[Exercise goal] Could you copy exactly the lines below from the one with "Screenshot of the" to the one with "南寧市最新幼兒園轉讓詳解，全面解讀與觀點闡述", inclusive, leaving out any pictures?

[Data provided]
──────

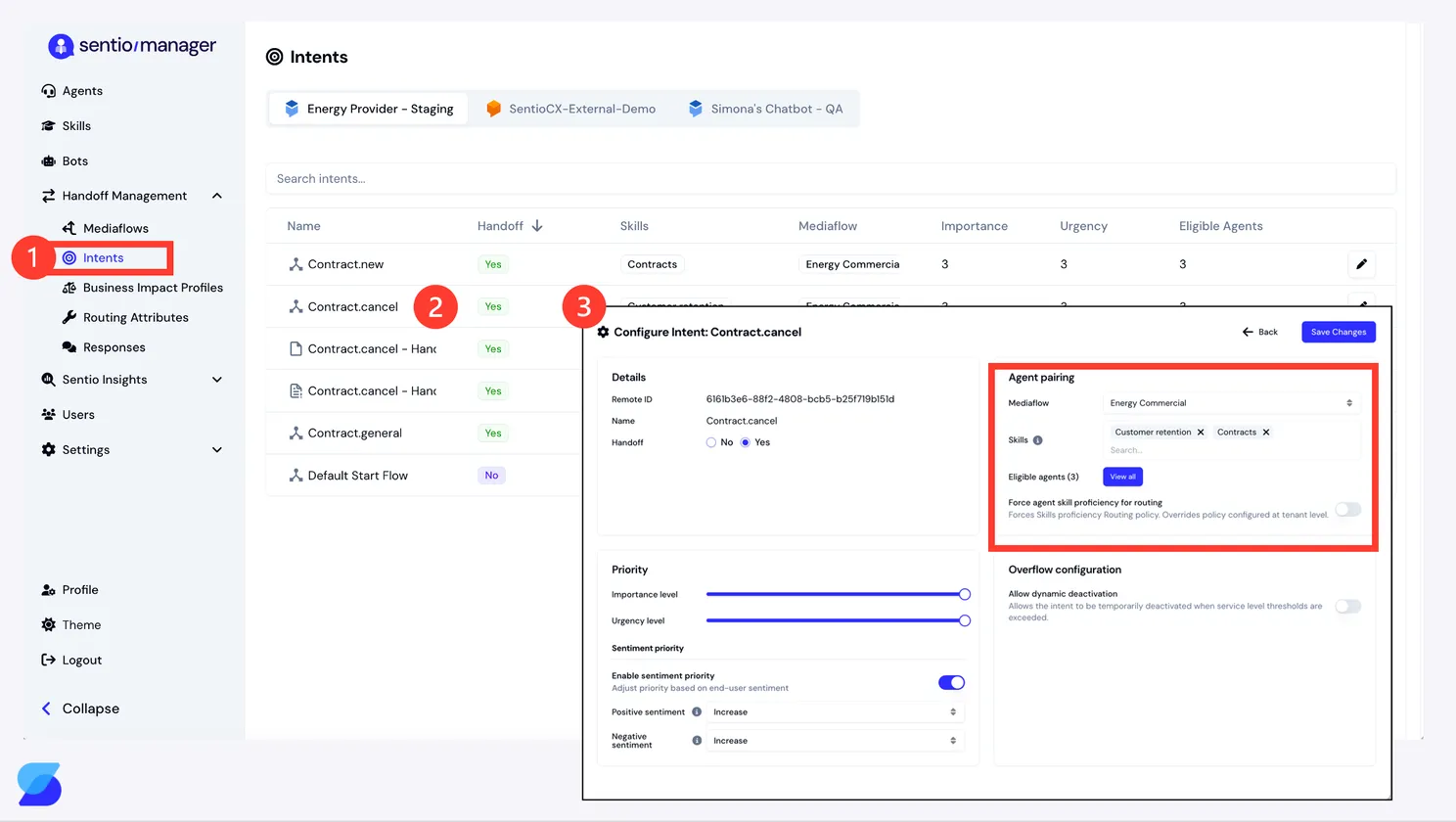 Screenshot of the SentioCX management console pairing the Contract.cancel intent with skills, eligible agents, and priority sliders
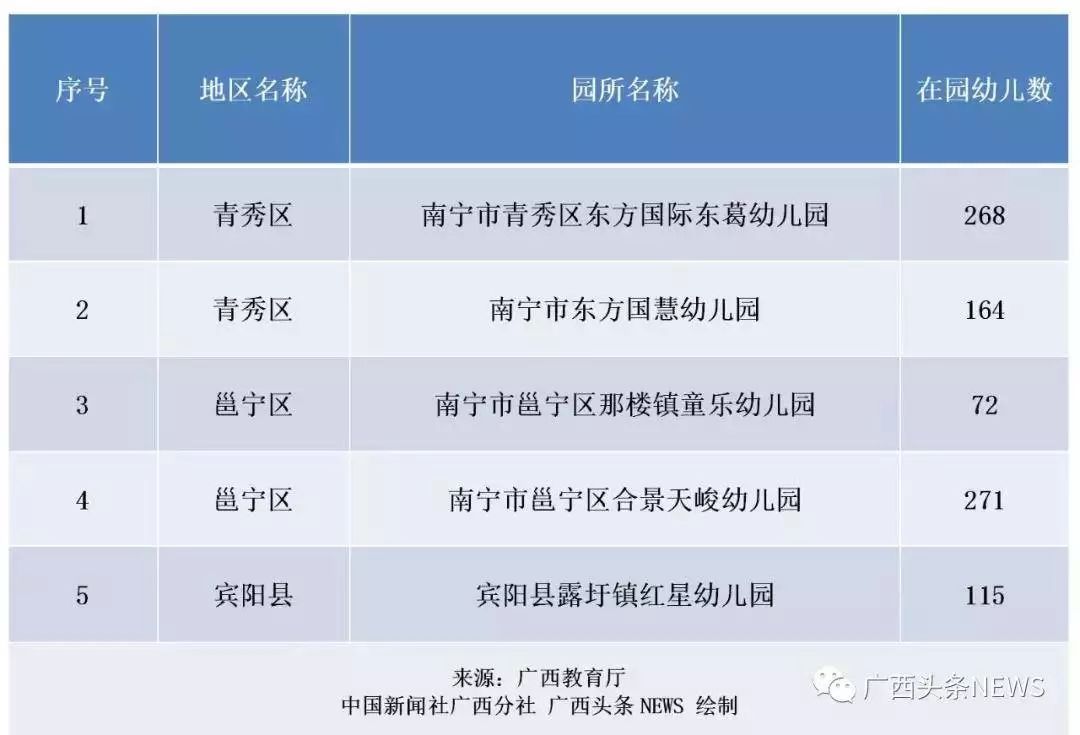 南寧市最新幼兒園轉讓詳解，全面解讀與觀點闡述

──────

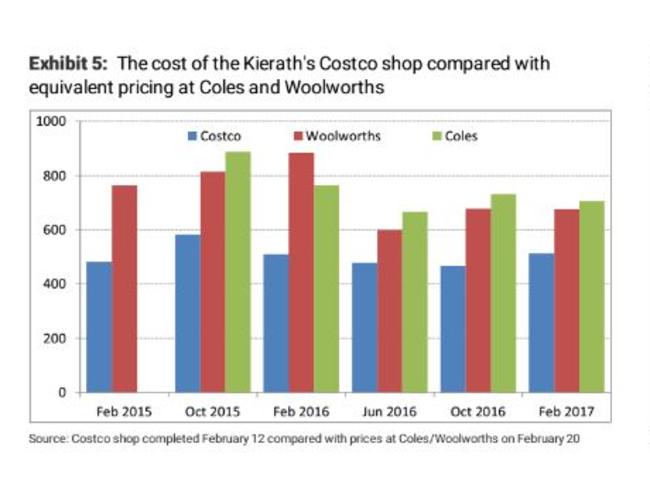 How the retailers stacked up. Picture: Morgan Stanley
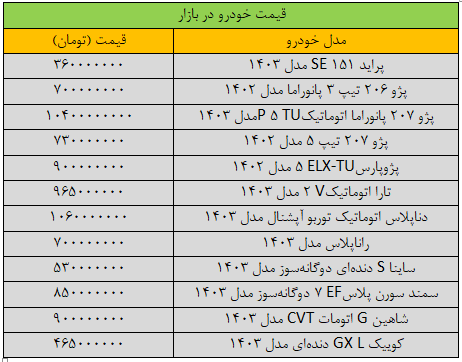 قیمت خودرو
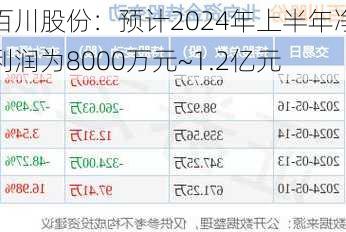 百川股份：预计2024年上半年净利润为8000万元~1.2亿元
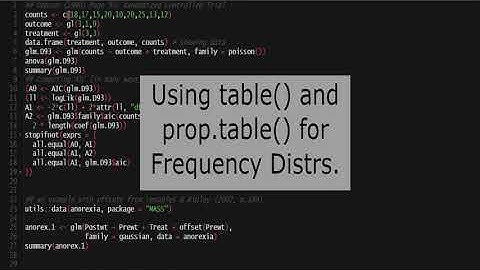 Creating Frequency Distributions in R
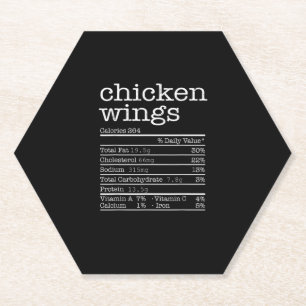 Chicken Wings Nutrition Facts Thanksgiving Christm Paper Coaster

──────

[Exercise answer]
 Screenshot of the SentioCX management console pairing the Contract.cancel intent with skills, eligible agents, and priority sliders
 南寧市最新幼兒園轉讓詳解，全面解讀與觀點闡述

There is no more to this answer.